Seriously, how can anyone not love this woman? Happy Birthday Julia Child! I’m sure I will be learning a lot of the techniques you have developed and used once I start culinary school!
- One 6-ounce piece of chunk bacon
- 3½ tablespoons olive oil
- 3 pounds lean stewing beef, cut into 2-inch cubes
- 1 carrot, sliced
- 1 onion, sliced
- Salt and pepper
- 2 tablespoons rice flour or gluten free all purpose blend
- 3 cups red wine, young and full-bodied (like Beaujolais, Cotes du Rhone or Burgundy)
- 2½ to 3½ cups brown beef stock
- 1 tablespoon tomato paste
- 2 cloves mashed garlic
- ½ teaspoon thyme
- A crumbled bay leaf
- 18 to 24 white onions, small
- 3½ tablespoons butter
- Herb bouquet (4 parsley sprigs, one-half bay leaf, one-quarter teaspoon thyme, tied in cheesecloth)
- 1 pound mushrooms, fresh and quartered
- Remove bacon rind and cut into lardons (sticks ¼-inch thick and 1½ inches long). Simmer rind and lardons for 10 minutes in 1½ quarts water. Drain and dry.
- Preheat oven to 450 degrees.
- Sauté lardons in 1 tablespoon of the olive oil in a flameproof casserole over moderate heat for 2 to 3 minutes to brown lightly. Remove to a side dish with a slotted spoon.
- Dry beef in paper towels; it will not brown if it is damp. Heat fat in casserole until almost smoking. Add beef, a few pieces at a time, and sauté until nicely browned on all sides. Add it to the lardons.
- In the same fat, brown the sliced vegetables. Pour out the excess fat.
- Return the beef and bacon to the casserole and toss with ½ teaspoon salt and ¼ teaspoon pepper.
- Then sprinkle on the flour and toss again to coat the beef lightly. Set casserole uncovered in middle position of preheated oven for 4 minutes.
- Toss the meat again and return to oven for 4 minutes (this browns the flour and coves the meat with a light crust).
- Remove casserole and turn oven down to 325 degrees.
- Stir in wine and 2 to 3 cups stock, just enough so that the meat is barely covered.
- Add the tomato paste, garlic, herbs and bacon rind. Bring to a simmer on top of the stove.
- Cover casserole and set in lower third of oven. Regulate heat so that liquid simmers very slowly for 3 to 4 hours. The meat is done when a fork pierces it easily.
- While the beef is cooking, prepare the onions and mushrooms.

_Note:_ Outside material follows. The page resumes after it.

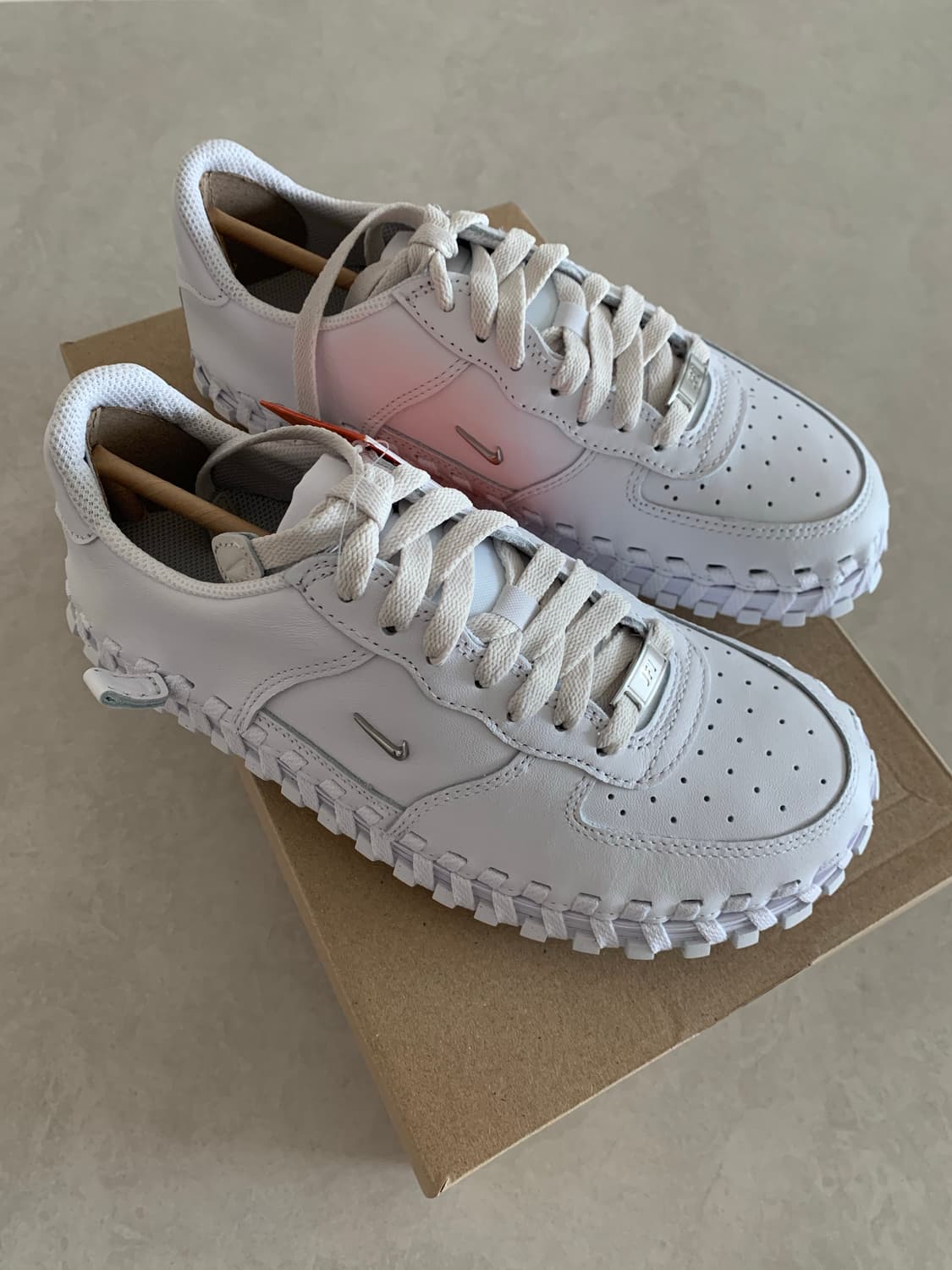 나이키 x 자크뮈스 J 포스 1 로우 LX SP 화이트 240 새상품 상품이미지2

- Heat 1½ tablespoons butter with one and one-half tablespoons of the oil until bubbling in a skillet.
- Add onions and sauté over moderate heat for about 10 minutes, rolling them so they will brown as evenly as possible. Be careful not to break their skins. You cannot expect them to brown uniformly.

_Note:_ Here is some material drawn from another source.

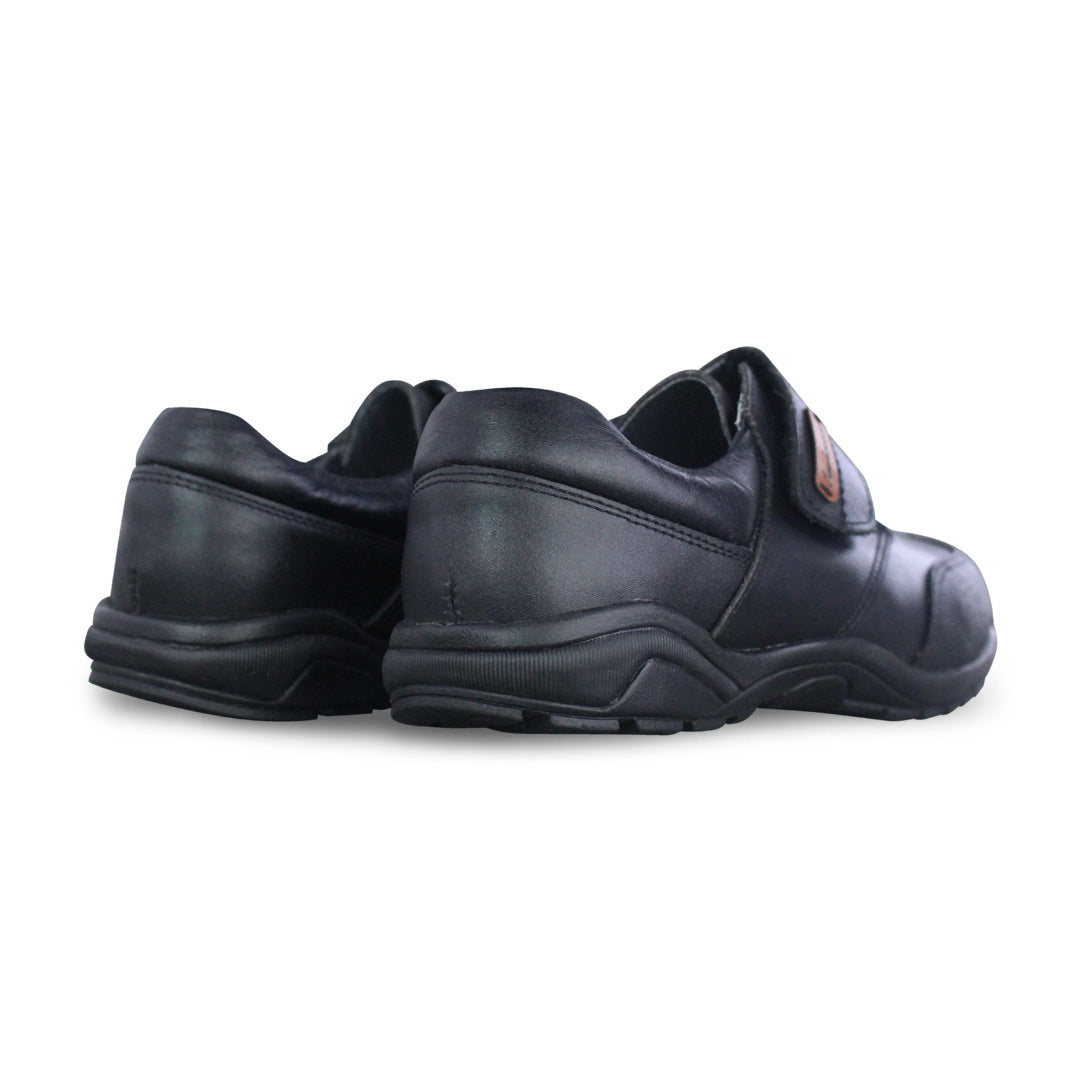 Zapato escolar Niño 50088 Piel Negro con Velcro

- Add ½ cup of the stock, salt and pepper to taste and the herb bouquet.
- Cover and simmer slowly for 40 to 50 minutes until the onions are perfectly tender but hold their shape, and the liquid has evaporated. Remove herb bouquet and set onions aside.

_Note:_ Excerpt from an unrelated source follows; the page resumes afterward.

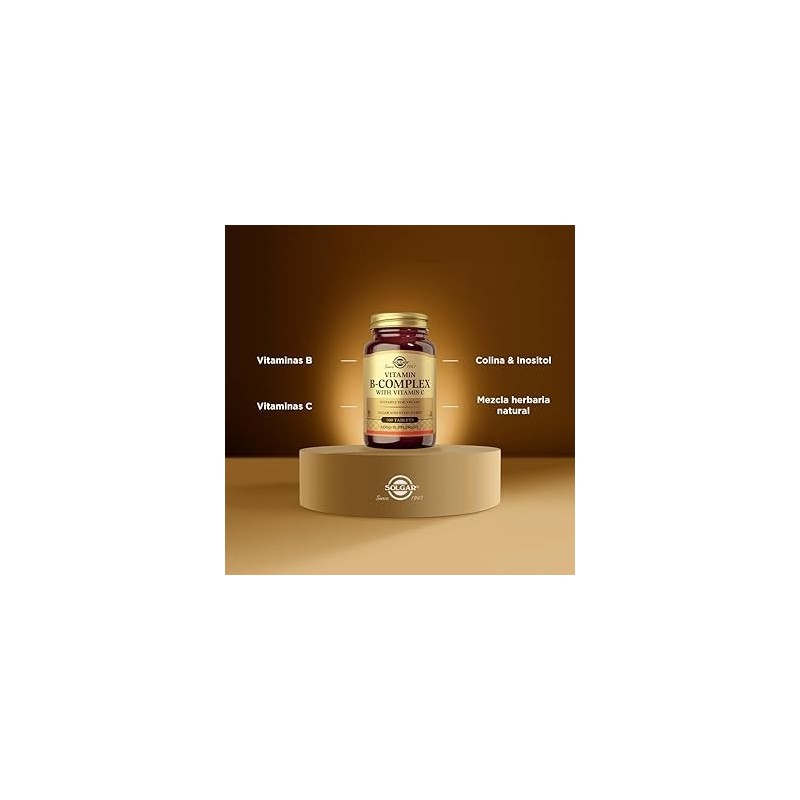 Vitamina B-Complex Con Vitamina C Solgar 100 Tablets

- Wipe out skillet and heat remaining oil and butter over high heat. As soon as you see butter has begun to subside, indicating it is hot enough, add mushrooms.
- Toss and shake pan for 4 to 5 minutes. As soon as they have begun to brown lightly, remove from heat.
- When the meat is tender, pour the contents of the casserole into a sieve set over a saucepan.
- Wash out the casserole and return the beef and lardons to it. Distribute the cooked onions and mushrooms on top.
- Skim fat off sauce in saucepan. Simmer sauce for a minute or 2, skimming off additional fat as it rises. You should have about 2½ cups of sauce thick enough to coat a spoon lightly.
- If too thin, boil it down rapidly. If too thick, mix in a few tablespoons stock. Taste carefully for seasoning.
- Pour sauce over meat and vegetables. Cover and simmer 2 to 3 minutes, basting the meat and vegetables with the sauce several times.
- Serve in casserole, or arrange stew on a platter surrounded with potatoes or rice, and decorated with parsley.